| Data for this exercise |
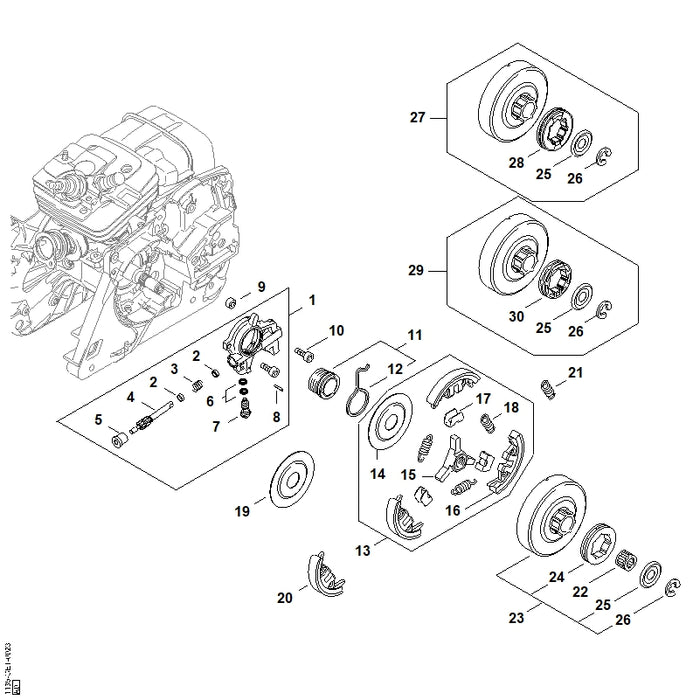 STIHL 1135-640-3200 Ölpumpe positie 1 technische tekening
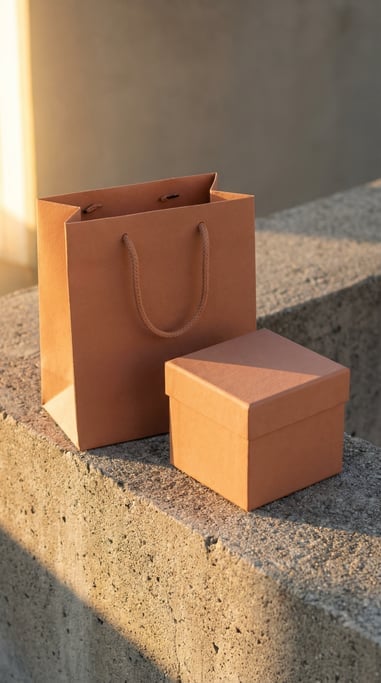 Matte finish gift bag in matte clay, next to a matching box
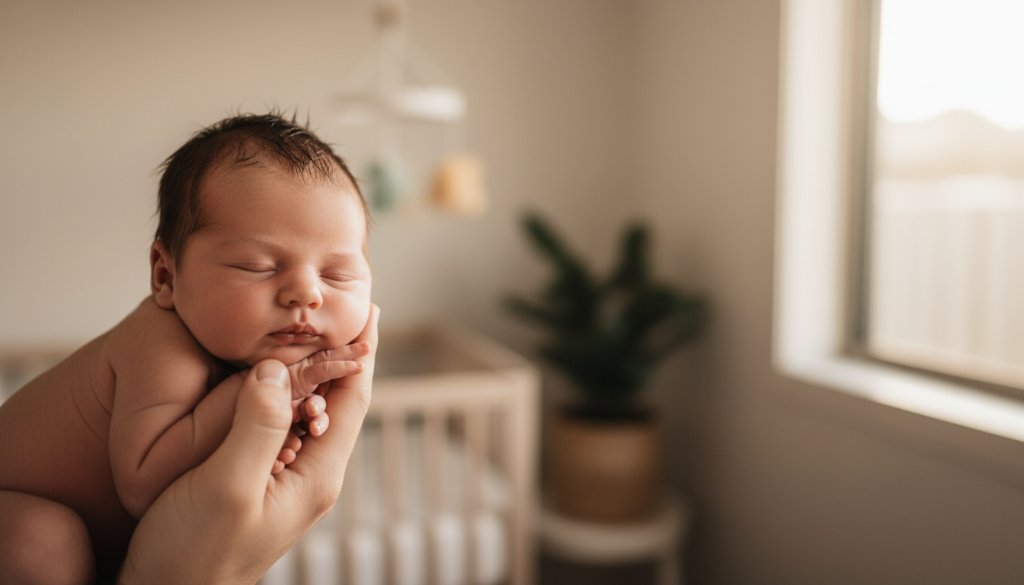 A stunning, cinematic portrait showcasing Glen Waverley Newborn Photography Joyful First Moments, featuring a baby gently held in a parent's hands, bathed in soft, ethereal light streaming through a window, with a shallow depth of field highlighting their tiny fingers and toes, evoking warmth and profound love, in a stylish home setting.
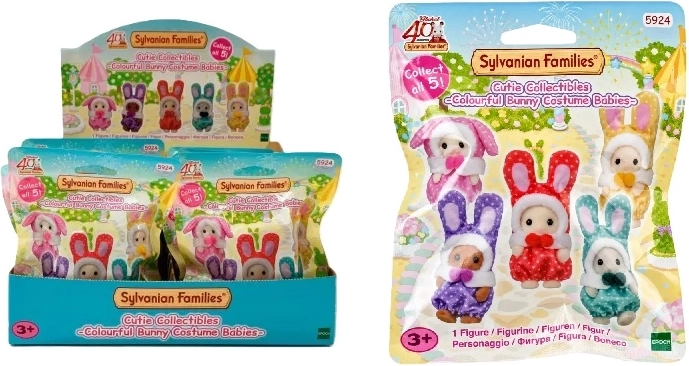 Sylvanian Families vrečka z zajčki v pisanih kostumih - 1 kos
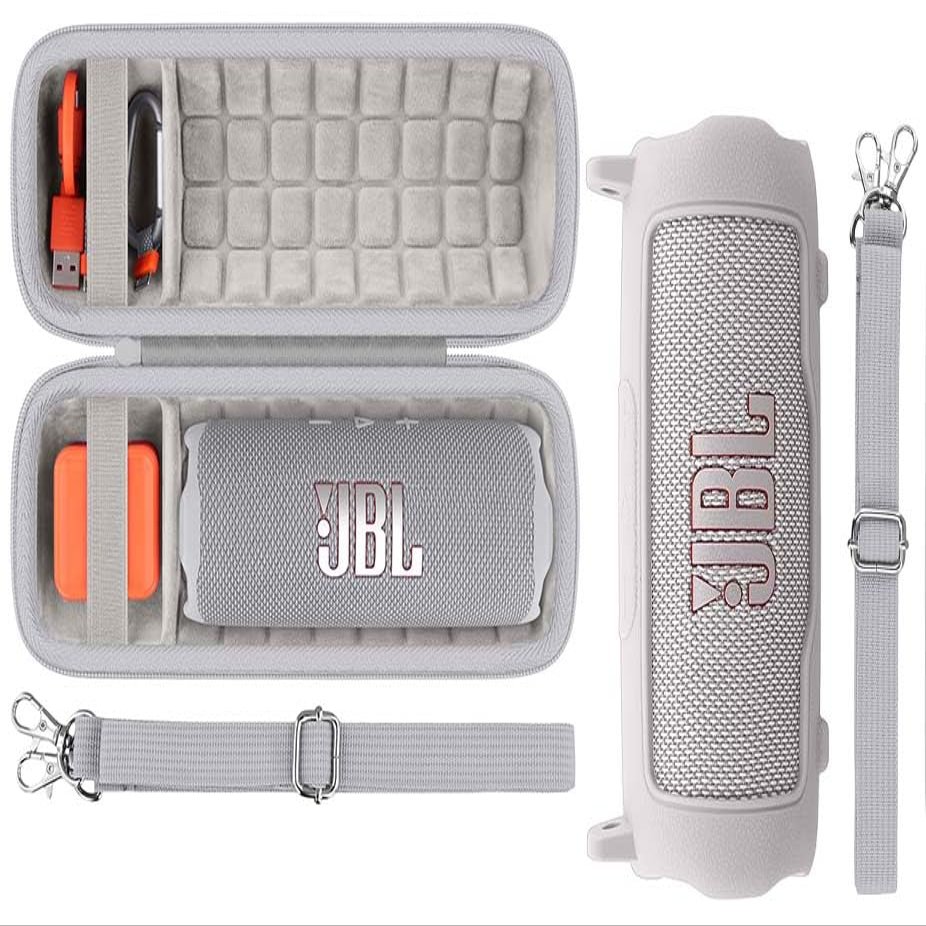 Baval White Hard Case+White Silicone Cover for JBL Flip 7 Bluetooth Speaker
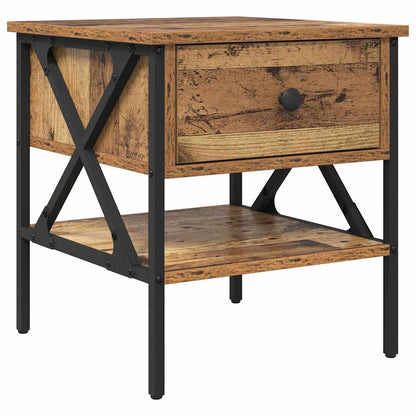 Nachttisch 2 pcs Altholz 40 x 42 x 45 cm Schichtholz und Metall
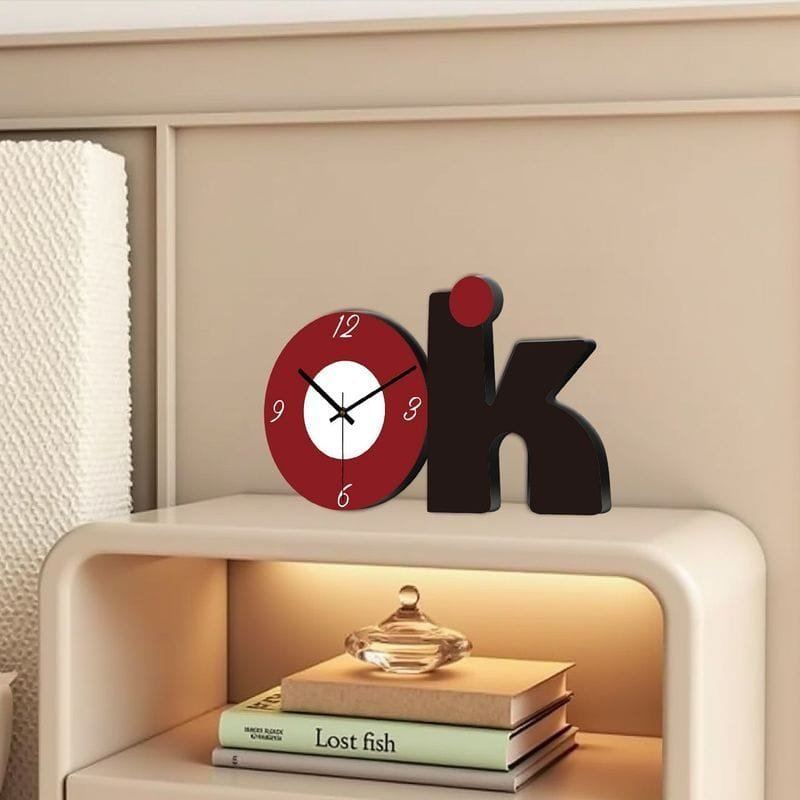 Laser Cut Modern Minimalist Ok Shape Table Clock Stylish Office Home Clock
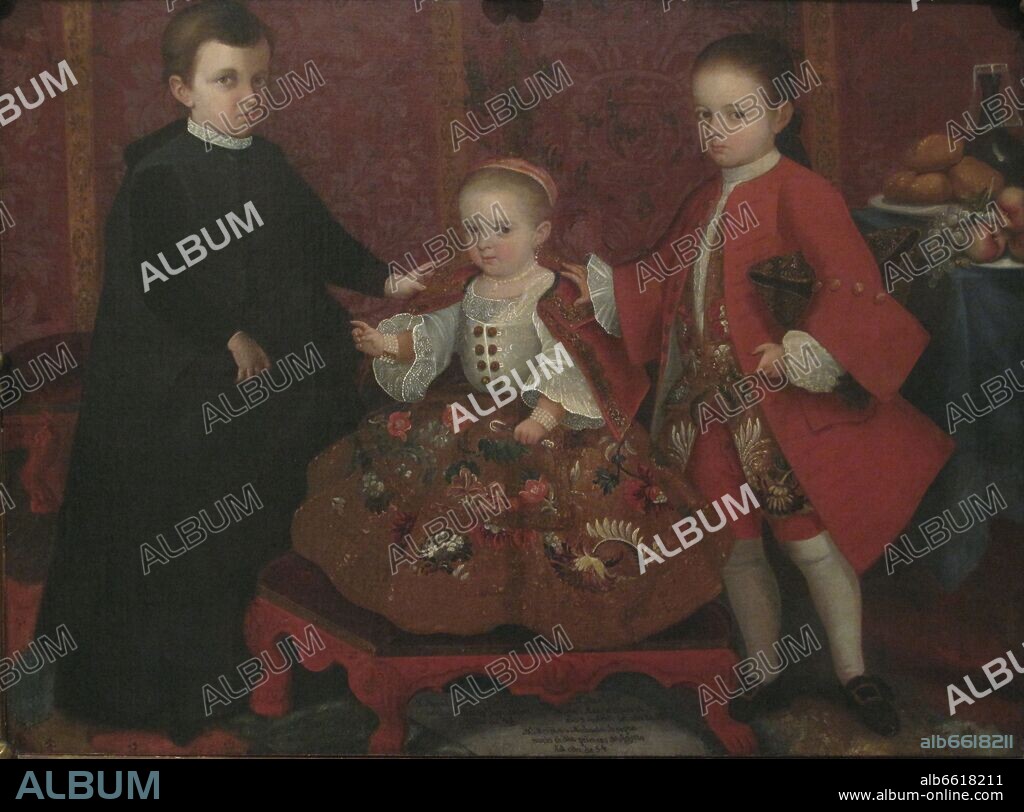 ANONIMO SIGLO XVIII. MALO Y HURTADO DE MENDOZA: MIGUEL JOSE MARIA, MANUEL MIGUEL MARIA Y MARIANA MICAELA JOSEFA - 
1756 - OLEO/TELA - PINTURA BARROCA.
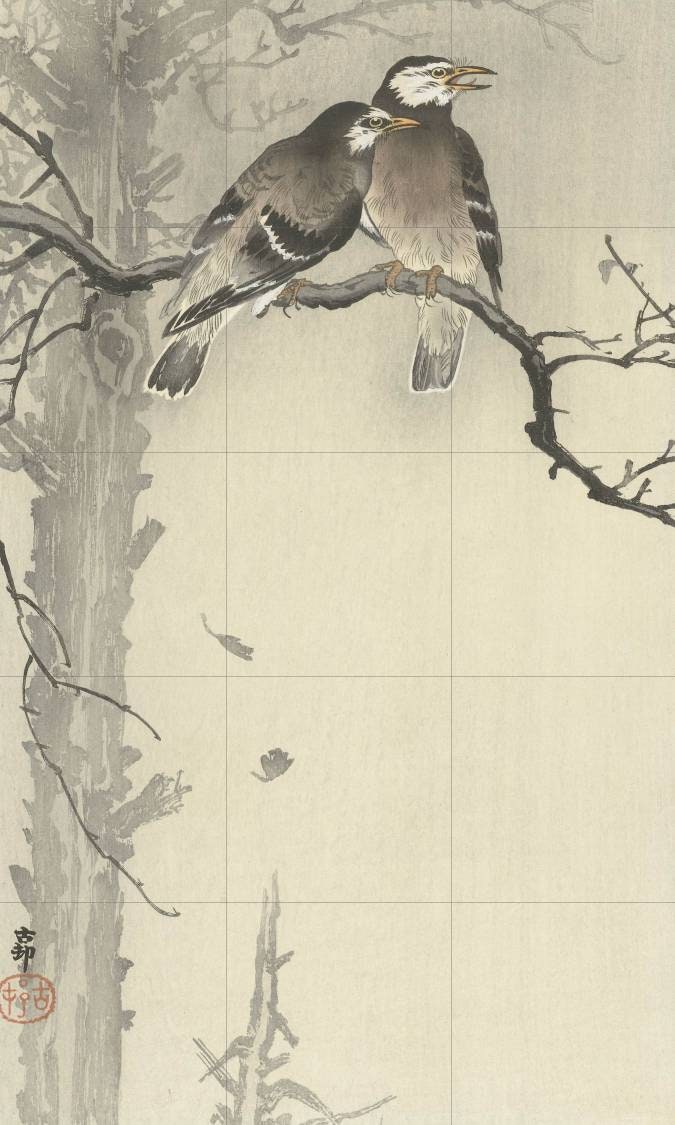 Tile Mural/Mosaic Ceramic Panel of Two Gray Starlings - Ohara Koson - Japan Art - Japanese Mural - Gloss Tiles - Tile Mosaic - Bird Mural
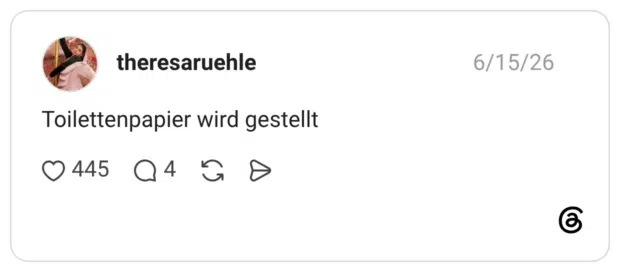 Toilettenpapier wird gestellt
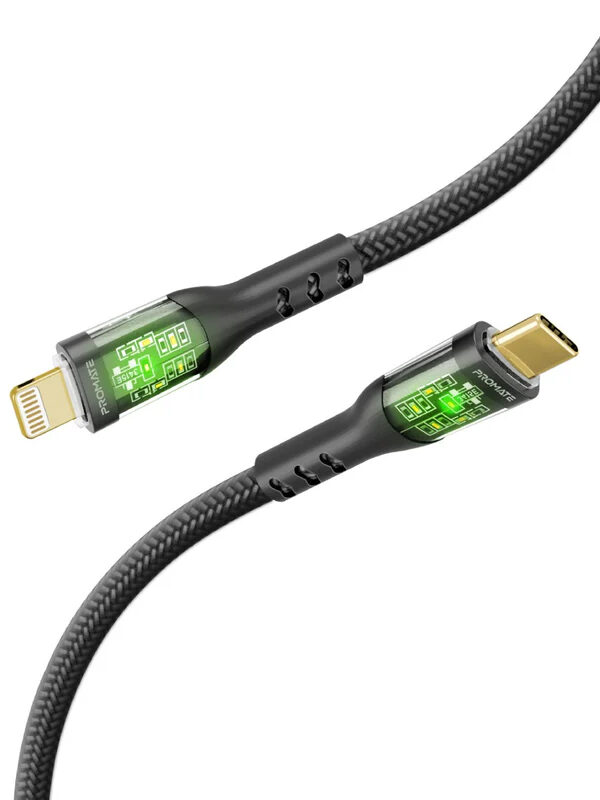 کابل USB-C به لایتنینگ شارژ سریع پرومیت مدل TRANSLINE-CI.BLACK به طول 1.2 متر و توان 27 وات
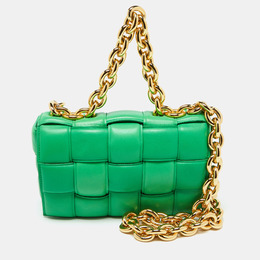 Bottega Veneta Green Padded Leather Cassette Chain Bag 1076442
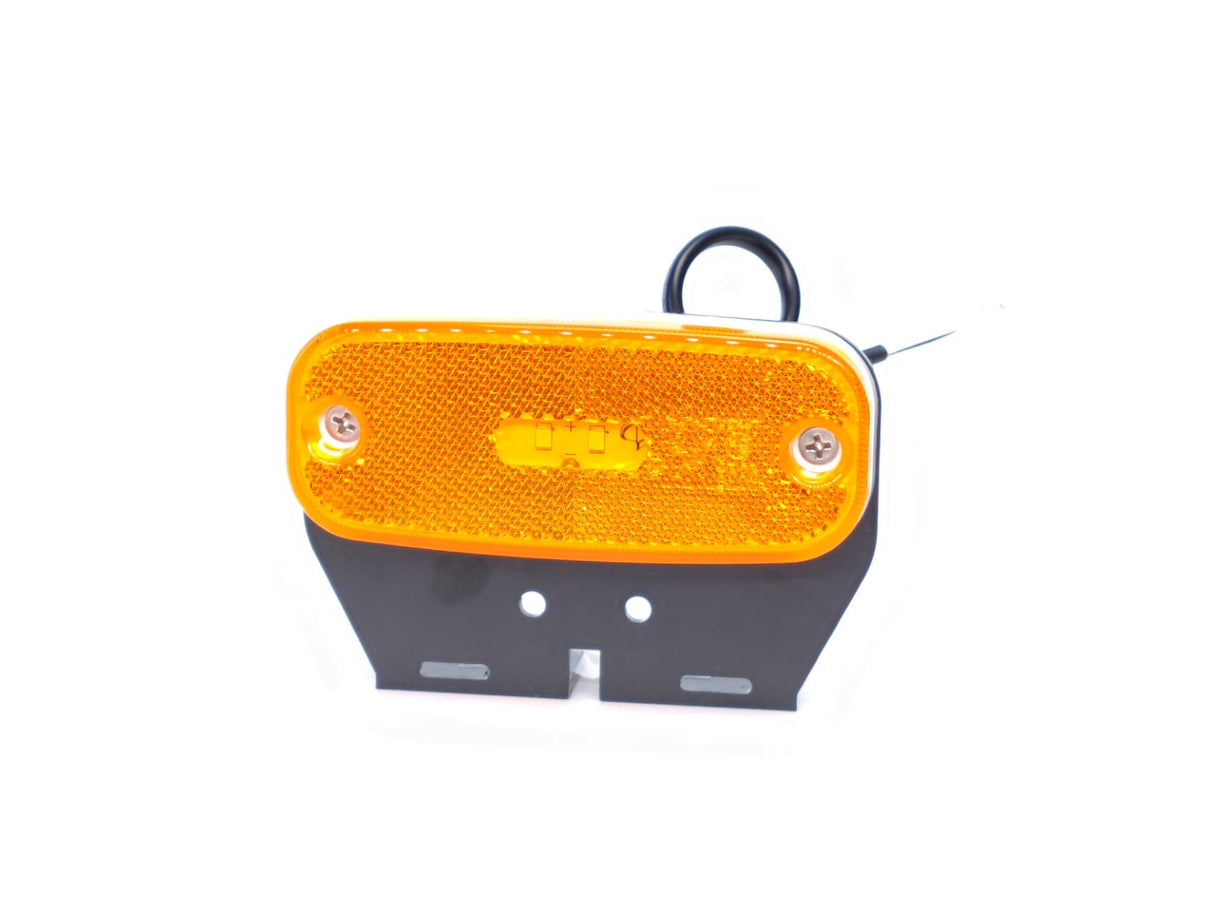 Amber LED Side Marker Lamp with Rounded Holder, 2 LEDs, 12/24V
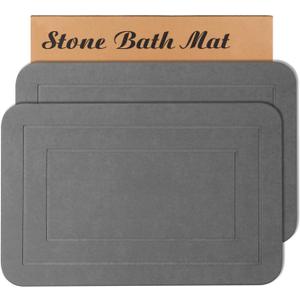 2 Pack Stone Bath Mat, Diatomaceous Earth Shower Mat, Non-Slip Super Absorbent Quick Drying Bathroom Kitchen Floor Mat (Grey, 24x15)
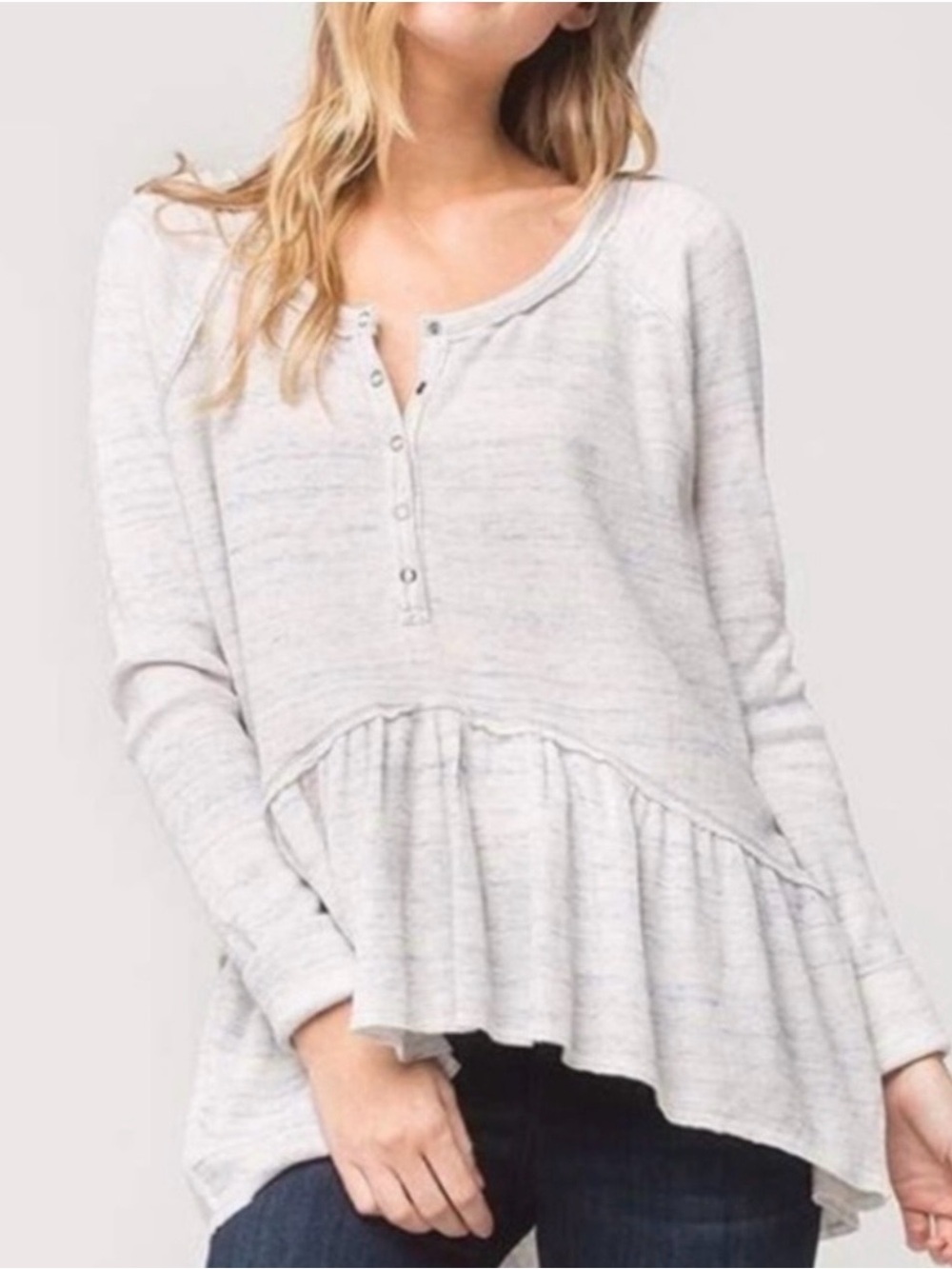 We The Free Coastline Light Heather Gray Peplum Thermal Henley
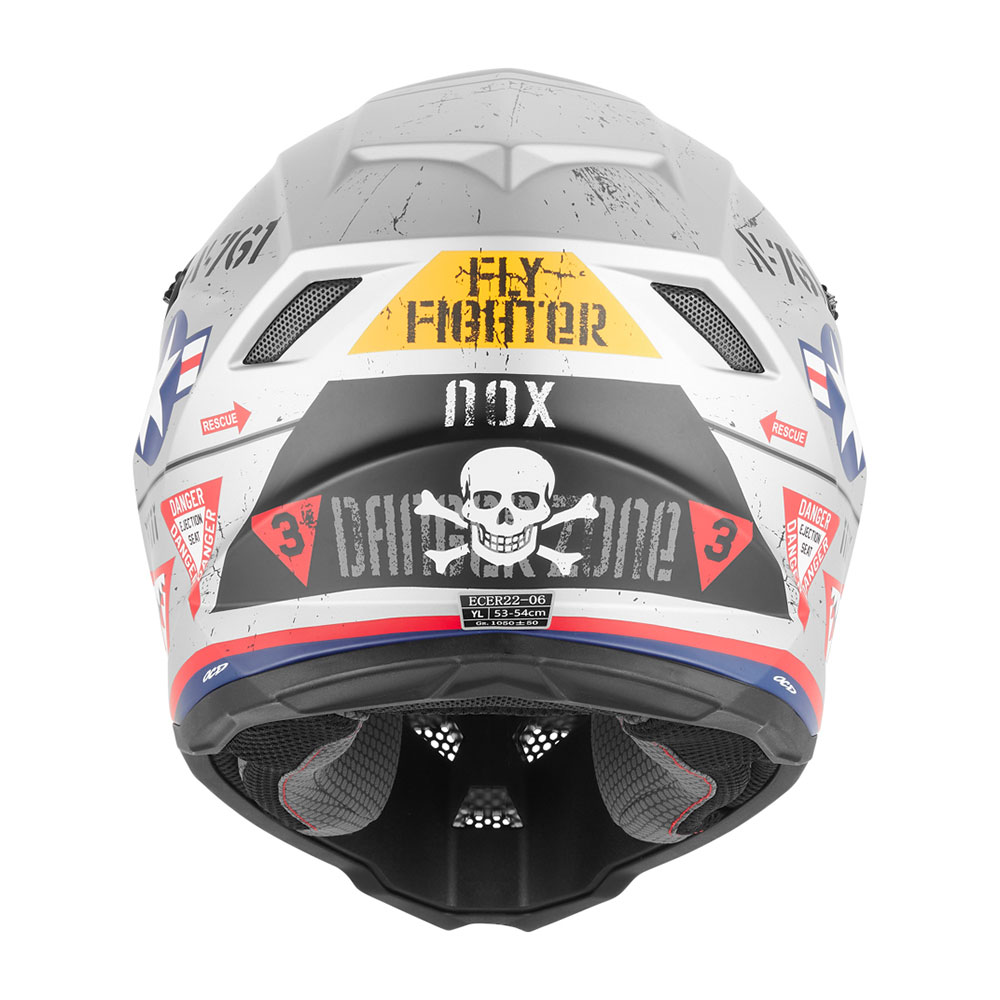 Kaciga NOX Cross N761 FIGHTER mat srebrna dečija L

| What the task asks |
Above are records with pictures; repeat the records exactly and leave the pictures out.

| Task answer |
 STIHL 1135-640-3200 Ölpumpe positie 1 technische tekening
 Matte finish gift bag in matte clay, next to a matching box
 A stunning, cinematic portrait showcasing Glen Waverley Newborn Photography Joyful First Moments, featuring a baby gently held in a parent's hands, bathed in soft, ethereal light streaming through a window, with a shallow depth of field highlighting their tiny fingers and toes, evoking warmth and profound love, in a stylish home setting.
 Sylvanian Families vrečka z zajčki v pisanih kostumih - 1 kos
 Baval White Hard Case+White Silicone Cover for JBL Flip 7 Bluetooth Speaker
 Nachttisch 2 pcs Altholz 40 x 42 x 45 cm Schichtholz und Metall
 Laser Cut Modern Minimalist Ok Shape Table Clock Stylish Office Home Clock
 ANONIMO SIGLO XVIII. MALO Y HURTADO DE MENDOZA: MIGUEL JOSE MARIA, MANUEL MIGUEL MARIA Y MARIANA MICAELA JOSEFA - 
1756 - OLEO/TELA - PINTURA BARROCA.
 Tile Mural/Mosaic Ceramic Panel of Two Gray Starlings - Ohara Koson - Japan Art - Japanese Mural - Gloss Tiles - Tile Mosaic - Bird Mural
 Toilettenpapier wird gestellt
 کابل USB-C به لایتنینگ شارژ سریع پرومیت مدل TRANSLINE-CI.BLACK به طول 1.2 متر و توان 27 وات
 Bottega Veneta Green Padded Leather Cassette Chain Bag 1076442
 Amber LED Side Marker Lamp with Rounded Holder, 2 LEDs, 12/24V
 2 Pack Stone Bath Mat, Diatomaceous Earth Shower Mat, Non-Slip Super Absorbent Quick Drying Bathroom Kitchen Floor Mat (Grey, 24x15)
 We The Free Coastline Light Heather Gray Peplum Thermal Henley
 Kaciga NOX Cross N761 FIGHTER mat srebrna dečija L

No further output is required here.